Research Based Curriculums
The foundation of PPI curriculums is the most recent research about
brain chemistry, life skills education, risk and protective factors,
asset development, community service, and spirituality. Curriculums
incorporate research recommendations from numerous studies by
- National Institute on Drug Abuse's Prevention Principles which
recommends programs enhance protective factors; reduce risk
factors; target all forms of drug abuse including tobacco,
alcohol, marijuana, and inhalants; teach life skills; be
interactive; include a parent component and be age specific,
developmentally appropriate, culturally sensitive.

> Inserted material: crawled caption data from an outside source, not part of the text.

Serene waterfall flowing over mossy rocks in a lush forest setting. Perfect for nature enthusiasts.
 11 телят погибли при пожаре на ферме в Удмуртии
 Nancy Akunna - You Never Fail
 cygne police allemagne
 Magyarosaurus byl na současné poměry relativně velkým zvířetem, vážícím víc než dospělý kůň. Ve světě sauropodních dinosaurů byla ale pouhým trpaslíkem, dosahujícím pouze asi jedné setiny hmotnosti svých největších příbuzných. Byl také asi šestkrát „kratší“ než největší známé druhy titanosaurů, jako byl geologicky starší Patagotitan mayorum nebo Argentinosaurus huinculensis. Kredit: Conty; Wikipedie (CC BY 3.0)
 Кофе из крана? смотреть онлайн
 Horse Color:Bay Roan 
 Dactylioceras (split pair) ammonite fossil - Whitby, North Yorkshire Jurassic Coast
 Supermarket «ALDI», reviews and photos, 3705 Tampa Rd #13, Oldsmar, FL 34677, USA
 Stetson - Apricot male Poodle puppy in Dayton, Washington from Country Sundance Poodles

- National Institute on Alcoholism and Alcohol Abuse's
Prevention Principles which recommend that programs have
clarity of purpose; address resiliency factors and risk
factors; have clear "no drug" messages; teach skill
building and refusal skills; offer positive healthy
alternatives; include parental risk factors; and start
as early as possible offering role models and support
groups for specific high risk populations.
- Asset Development Research, which recommends that
programs build internal assets (such as caring,
self-esteem, sense of purpose, and positive view of life);
build external assets (family support, communication, empowerment);
and teach social competencies.
- Research on children of alcoholics/addicts (coa/a) which recommends
that programs reduce risk factors; teach communication skills, how to
make healthy friends and set boundaries; increase resiliency/protective
factors including teaching children that chemical dependency is a disease
affecting all members of the family -- their parents love them, but have
a disease that makes it difficult for them to express this love.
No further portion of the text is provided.